Je le considérais fixement ; mais il grattait toujours, les yeux baissés.
– Je ne suppose pourtant pas qu’on vous l’ait donnée à lire.
– Cette lettre est tombée dans mes mains par hasard ; l’enveloppe, vieille, sale, à demi déchirée, ne portait aucune trace d’écriture ; en l’ouvrant j’ai vu une lettre de Mademoiselle de Saint-Auréol ; mais adressée à qui ?… Allons ! Monsieur l’abbé, secondez-moi : qui était, il y a quatorze ans, l’amant de Mademoiselle de Saint-Auréol ?
L’abbé s’était levé ; il commença de marcher à petits pas de long en large, la tête basse, les mains croisées dans le dos ; repassant derrière ma chaise, il s’arrêta, et brusquement je sentis ses mains s’abattre sur mes épaules :
– Montrez-moi cette lettre.
– Parlerez-vous ?
Je sentis frémir d’impatience son étreinte.
– Ah ! pas de condition, je vous en prie ! Montrez-moi cette lettre… simplement.

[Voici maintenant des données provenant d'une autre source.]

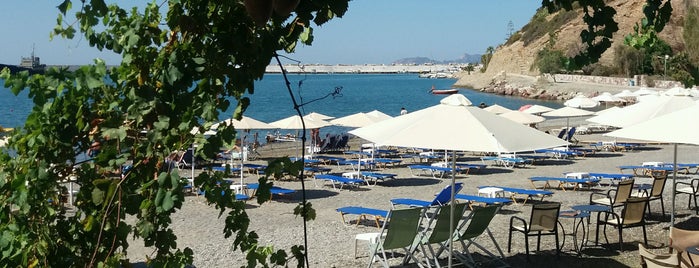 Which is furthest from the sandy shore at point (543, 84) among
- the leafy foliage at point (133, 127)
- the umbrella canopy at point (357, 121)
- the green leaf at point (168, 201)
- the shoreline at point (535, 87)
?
the green leaf at point (168, 201)

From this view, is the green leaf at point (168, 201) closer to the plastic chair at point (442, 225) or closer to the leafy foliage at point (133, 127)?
the leafy foliage at point (133, 127)

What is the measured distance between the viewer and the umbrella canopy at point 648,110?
29.4 ft

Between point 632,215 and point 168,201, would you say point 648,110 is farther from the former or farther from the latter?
point 168,201

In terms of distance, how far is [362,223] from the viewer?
970 centimetres

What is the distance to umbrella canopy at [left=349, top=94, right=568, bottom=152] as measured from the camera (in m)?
5.70

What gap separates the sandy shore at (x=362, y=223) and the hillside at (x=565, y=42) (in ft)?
179

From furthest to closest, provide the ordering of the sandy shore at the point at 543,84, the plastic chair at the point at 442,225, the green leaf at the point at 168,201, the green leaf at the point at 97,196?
the sandy shore at the point at 543,84, the plastic chair at the point at 442,225, the green leaf at the point at 97,196, the green leaf at the point at 168,201

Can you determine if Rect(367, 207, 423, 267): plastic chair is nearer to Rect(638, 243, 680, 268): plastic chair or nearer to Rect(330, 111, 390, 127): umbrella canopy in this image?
Rect(638, 243, 680, 268): plastic chair

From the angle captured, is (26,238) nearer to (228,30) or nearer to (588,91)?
(228,30)

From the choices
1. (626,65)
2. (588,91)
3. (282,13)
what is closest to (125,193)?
(282,13)

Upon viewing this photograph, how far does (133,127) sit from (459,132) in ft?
12.7

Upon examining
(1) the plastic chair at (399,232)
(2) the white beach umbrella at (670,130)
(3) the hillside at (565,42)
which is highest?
(3) the hillside at (565,42)

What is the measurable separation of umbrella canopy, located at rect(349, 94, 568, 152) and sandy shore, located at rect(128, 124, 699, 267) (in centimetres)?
116

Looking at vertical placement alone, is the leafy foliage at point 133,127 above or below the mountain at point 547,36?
below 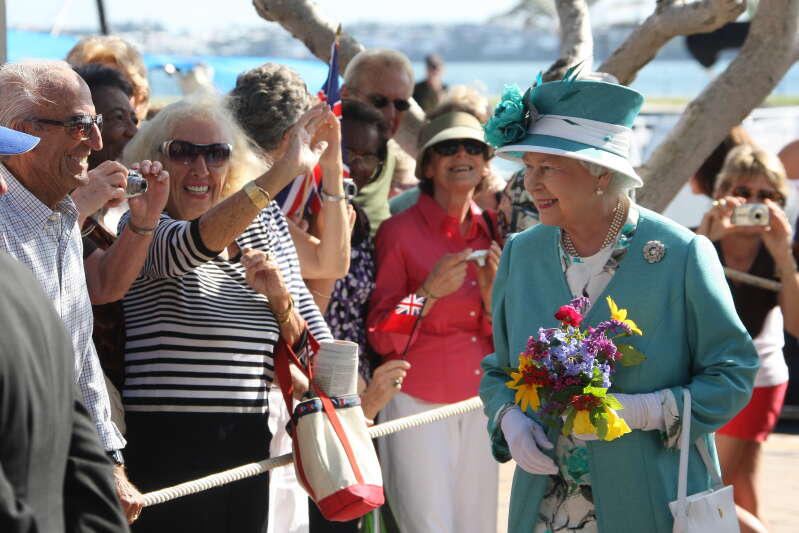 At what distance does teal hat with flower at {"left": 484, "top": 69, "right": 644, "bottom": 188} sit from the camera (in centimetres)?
322

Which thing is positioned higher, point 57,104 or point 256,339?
point 57,104

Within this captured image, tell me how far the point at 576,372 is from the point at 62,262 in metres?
1.34

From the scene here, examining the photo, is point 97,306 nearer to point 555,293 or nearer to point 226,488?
point 226,488

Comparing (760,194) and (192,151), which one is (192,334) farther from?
(760,194)

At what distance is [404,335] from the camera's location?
469 cm

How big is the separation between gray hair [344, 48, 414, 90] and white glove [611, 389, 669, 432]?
286 cm

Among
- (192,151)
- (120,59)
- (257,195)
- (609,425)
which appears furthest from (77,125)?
(120,59)

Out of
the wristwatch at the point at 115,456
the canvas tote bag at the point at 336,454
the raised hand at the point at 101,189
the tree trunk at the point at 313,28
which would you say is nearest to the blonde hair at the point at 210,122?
the raised hand at the point at 101,189

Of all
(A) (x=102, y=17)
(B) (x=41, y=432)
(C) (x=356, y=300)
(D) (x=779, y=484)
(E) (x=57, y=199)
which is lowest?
(D) (x=779, y=484)

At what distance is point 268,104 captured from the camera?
14.5ft

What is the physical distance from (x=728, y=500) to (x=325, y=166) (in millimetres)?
1868

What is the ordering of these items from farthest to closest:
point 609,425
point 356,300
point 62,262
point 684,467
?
point 356,300 < point 684,467 < point 609,425 < point 62,262

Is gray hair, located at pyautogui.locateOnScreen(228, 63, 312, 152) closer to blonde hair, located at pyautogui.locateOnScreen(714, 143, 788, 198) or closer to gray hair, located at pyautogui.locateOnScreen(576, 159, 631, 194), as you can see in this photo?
gray hair, located at pyautogui.locateOnScreen(576, 159, 631, 194)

– Laissez que j’aille la chercher, dis-je en essayant de me dégager.
– Vous l’avez là dans votre poche.
Ses yeux visaient au bon endroit, comme si ma veste eût été transparente ; il n’allait pourtant pas me fouiller !…
J’étais très mal posé pour me défendre, et contre un grand gaillard plus fort que moi ; puis, quel moyen, ensuite, de le décider à parler. Je me retournai pour voir presque contre le mien son visage ; un visage gonflé, congestionné, où se marquaient subitement deux grosses veines sur le front et de vilaines poches sous les yeux. Alors me forçant de rire par crainte de voir tout se gâter :
– Parbleu l’abbé, avouez que vous aussi vous savez ce que c’est que la curiosité !
Il lâcha prise ; je me levai tout aussitôt et fis mine de sortir.
– Si vous n’aviez pas eu ces manières de brigand, je vous l’aurais déjà montrée ; puis, le prenant par le bras : – mais rapprochons-nous du salon, que je puisse appeler au secours.
Par grand effort de volonté je gardais un ton enjoué, mais mon cœur battait fort.
– Tenez : lisez-la devant moi, dis-je en tirant la lettre de ma poche ; je veux apprendre de quel œil un abbé lit une lettre d’amour.
Mais, de nouveau maître de lui, il ne laissait paraître son émotion qu’à l’irrépressible titillement d’un petit muscle de sa joue. Il lut ; puis huma le papier, renifla, en fronçant âprement les sourcils de manière qu’il semblait que ses yeux s’indignassent de la gourmandise de son nez ; puis repliant le papier et me le rendant, dit d’un ton un peu solennel :
– Ce même 22 octobre mourait le Vicomte Blaise de Gonfreville, victime d’un accident de chasse.
– Vous me faites frémir ! (mon imagination aussitôt construisait un drame épouvantable). Sachez que j’ai trouvé cette lettre derrière une boiserie du pavillon où certainement il eût dû venir la chercher.
L’abbé m’apprit alors que le fils aîné des Gonfreville, dont la propriété touchait à celle des Saint-Auréol, avait été retrouvé sans vie au pied d’une barrière qu’apparemment il s’apprêtait à franchir, lorsqu’un mouvement maladroit avait fait partir son fusil. Pourtant, dans le canon du fusil ne se trouvait pas de cartouche. Aucun renseignement ne put être donné par personne ; le jeune homme était sorti seul et personne ne l’avait vu ; mais, le lendemain, un chien de la Quartfourche fut surpris près du pavillon léchant une flaque de sang.
– Je n’étais pas encore à la Quartfourche, continua-t-il, mais, d’après les renseignements que j’ai pu recueillir, il me semble avéré que le crime a été commis par Gratien, qui sans doute avait surpris les relations de sa maîtresse avec le vicomte, et peut-être avait éventé son projet de fuite (projet que j’ignorais moi-même avant d’avoir lu cette lettre) ; c’est un vieux serviteur buté, butor même au besoin, qui pour défendre le bien de ses maîtres ne croit devoir reculer devant rien.
– Comment ne l’a-t-on pas arrêté ?
– Personne n’avait intérêt à le poursuivre, et les deux familles de Gonfreville et de Saint-Auréol craignaient également le bruit autour de cette fâcheuse histoire ; car, quelques mois après, Mademoiselle de Saint-Auréol mettait au monde un malheureux enfant. On attribue l’infirmité de Casimir aux soins que sa mère avait pris pour dissimuler sa grossesse ; mais Dieu nous enseigne que c’est souvent sur les enfants que retombe le châtiment des pères.